From PCUSA NEWS <PCUSA.NEWS@ecunet.org>
Date Wed, 19 Nov 2003 12:13:30 -0600

Note #8017 from PCUSA NEWS to PRESBYNEWS:

Historic Colorado chapel reduced to ashes
03499
November 19, 2003

Historic Colorado chapel reduced to ashes

Arson suspected in blaze in former Presbyterian mission church

by John Filiatreau

LOUISVILLE - A tiny white frame church on a knoll along a historic Western
stagecoach line burned to the ground on Nov. 16.

Colorado officials suspect that an arsonist torched Virginia Dale Community
Church, which by tradition was always kept unlocked as a haven for travelers
along a lonely stretch of U.S. 287 between Fort Collins, CO, and Cheyenne,
WY.

The church was founded as a Presbyterian institution around 1880, possibly by
Sheldon Jackson, the indefatigable missionary who established more than 100
Presbyterian congregations in states stretching from Wisconsin to Nevada
before moving on to Alaska.

The old church was part of a designated historical site, the Virginia Dale
Stage Stop on the Overland Trail.

Virginia Dale was a vital, bustling way station from 1862 until 1867, when
the Union Pacific Railroad was completed to Cheyenne. The notorious gunman
Jack Slade, an agent for the stagecoach line, built the old hewn-log station
- which you can see today, about a mile east of the highway. Slade gave the
nascent settlement his wife's maiden name. The station is described in Mark
Twain's novel, Roughing It.

In the 1870s, emigrants from back East were lured to the area by its fertile
land and good water, and Virginia Dale became a typical prairie small town.
Its first school was built in 1874. Five years later, Virginia Dale
Presbyterian Church was built; in 1885 it was moved to its current site, on a
hill overlooking Deadman Creek.

Today Virginia Dale is barely a wide spot in the road, known mostly for its
history. The only thing about it that was likely to make an impression on
someone driving past  was the little white church on a hill.

A passer-by called in the fire just after midnight on Nov. 16, a Sunday. The
Larimer County Sheriff's Department and the fire departments from Livermore
and Wellington responded quickly, but by the time they arrived there was
little to do but watch the wooden church finish burning.

Non-denominational Virginia Dale Community Church hosted worship services
once a month, on the second Sunday, when a volunteer minister drove the 100
miles from Prospect Valley, near Boulder. A typical service was attended by
six or eight worshippers; on special occasions there might be as many as 30.

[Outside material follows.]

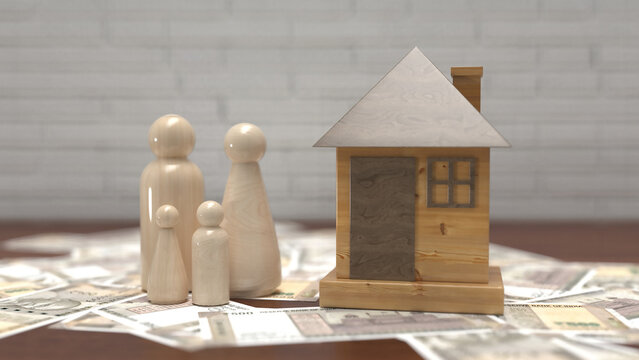 Wooden peg doll family and model house on top of Indonesian rupiah banknotes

The last service was held on Nov. 9.

Now little remains but a concrete foundation crowned by a blackened
wood-burning stove and strewn with charred timbers and the ashes of hymnals.
The building was not insured. An organ and a piano were among the casualties.

Shirlie Moen, a lifelong Presbyterian from Virginia Dale, says she has
attended what she described as "a simple, little, pretty church" since she
was 3 years old; that was 70 years ago. Her husband, 79-year-old rancher
Forrest Moen, is also a lifelong member, as his father was before him.

Shirlie said people found their way to the inviting, always-open little
church when they needed a rest or a moment of prayer. Sometimes they played
the piano. Sometimes they looked at the weathered headstones in the cemetery
in the churchyard, where about 50 believers are buried. Most visitors left
appreciative notes in the church's guest book, which also was destroyed in
the fire. "We had some things stolen," she said, "but most people were
respectful, and appreciative."

Virginia Bunning, the stated clerk of Plains and Peaks Presbytery, said the
Virginia Dale church sometimes was a blessing to people caught in the
frequent sudden snowstorms on U.S. 287, which she said can be a "death road."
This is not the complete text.